A sutileza que pode mudar o rumo da amamentação
No início da amamentação, é perfeitamente natural que a mãe sinta algum desconforto. Afinal, o corpo está se adaptando a uma nova função, os hormônios estão atuando intensamente, e o bebê ainda está aprendendo a sugar de maneira eficaz. No entanto, é fundamental compreender — e principalmente ensinar — que desconforto é diferente de dor.
Embora ambas as sensações possam coexistir nos primeiros dias, a dor persistente é um sinal de que algo não está indo bem. Por isso, enfermeira ou consultora em amamentação, é essencial orientar sua paciente sobre como identificar, diferenciar e reagir a cada uma dessas situações.
Muitas mães desistem da amamentação não por falta de leite ou por vontade, mas sim porque sentem dor e acreditam que isso é parte obrigatória do processo. Nesse sentido, uma informação correta passada no momento certo pode ser a chave para manter a amamentação exclusiva e prazerosa.
Como explicar essa diferença na prática?
Em primeiro lugar, é importante criar um espaço de acolhimento, onde a mãe se sinta segura para relatar o que está sentindo sem medo de julgamentos. A partir disso, use uma linguagem simples, direta e empática para explicar que um leve incômodo no início da mamada pode ser esperado, mas dor forte, que continua ou piora a cada mamada, não deve ser ignorada.
Além disso, explique que a dor geralmente está associada a alguma disfunção na pega, posição, sucção ou até na anatomia bucal do bebê, como o freio lingual curto. Por outro lado, o desconforto costuma durar poucos segundos, tende a melhorar com o tempo e não gera feridas.

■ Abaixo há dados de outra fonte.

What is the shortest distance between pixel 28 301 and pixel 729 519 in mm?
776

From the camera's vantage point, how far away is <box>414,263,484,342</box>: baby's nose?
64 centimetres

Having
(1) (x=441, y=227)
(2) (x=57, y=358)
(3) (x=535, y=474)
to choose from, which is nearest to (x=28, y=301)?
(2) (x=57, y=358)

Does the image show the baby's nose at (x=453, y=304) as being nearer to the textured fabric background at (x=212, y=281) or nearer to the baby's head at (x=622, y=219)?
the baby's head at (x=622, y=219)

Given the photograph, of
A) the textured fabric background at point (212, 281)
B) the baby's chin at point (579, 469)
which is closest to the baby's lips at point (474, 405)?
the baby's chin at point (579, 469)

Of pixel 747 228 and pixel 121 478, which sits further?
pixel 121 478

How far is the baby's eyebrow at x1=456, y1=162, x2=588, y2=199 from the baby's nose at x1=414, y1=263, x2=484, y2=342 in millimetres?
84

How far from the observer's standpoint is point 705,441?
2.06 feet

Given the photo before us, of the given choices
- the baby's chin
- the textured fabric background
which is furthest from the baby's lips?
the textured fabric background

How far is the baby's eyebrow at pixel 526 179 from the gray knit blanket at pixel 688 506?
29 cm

Outro ponto fundamental é ensinar a paciente a observar o próprio corpo. Sinais como rachaduras, sangramento, empedramento, vermelhidão ou sensação de queimadura indicam que é hora de buscar ajuda profissional. Dessa forma, a mãe aprende não só a distinguir os sintomas, mas também a agir de maneira preventiva e segura.

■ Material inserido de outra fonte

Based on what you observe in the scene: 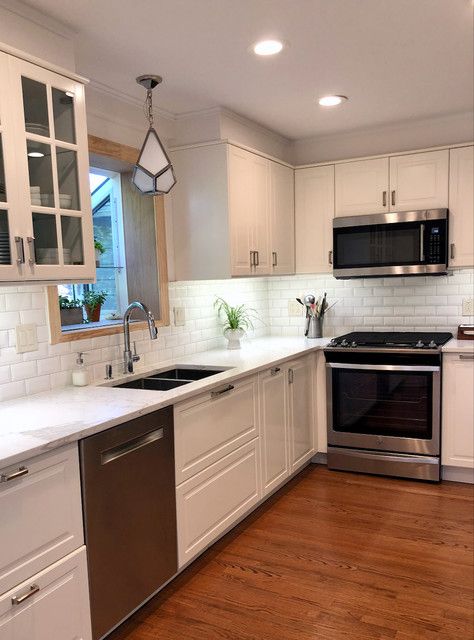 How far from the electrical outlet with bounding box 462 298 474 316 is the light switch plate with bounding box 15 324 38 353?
2988 mm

O papel da enfermeira na mudança dessa percepção
- Primeiramente, normalize o desconforto inicial, mas deixe claro que ele deve ser leve e passageiro.

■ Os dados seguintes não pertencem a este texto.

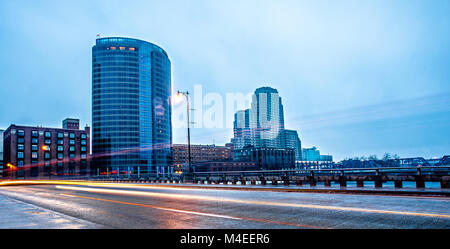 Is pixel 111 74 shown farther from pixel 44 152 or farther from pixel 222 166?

- Em seguida, enfatize que dor não faz parte do processo normal de amamentação e deve ser avaliada.
- Também oriente sobre as causas mais comuns da dor e como corrigi-las, como ajustes na pega e no posicionamento.
- Além disso, reforce a importância de buscar apoio profissional sempre que houver dúvidas ou incômodos persistentes.
- Por fim, ofereça acompanhamento contínuo para garantir que a mãe se sinta confiante e bem assistida.
Em resumo, ensinar sua paciente a diferença entre desconforto e dor é um ato de cuidado e prevenção. Você, enfermeira, tem nas mãos o poder de mudar a experiência de uma mãe — e de um bebê — com uma orientação simples, mas que pode fazer toda a diferença. Informar é cuidar. Ensinar é empoderar.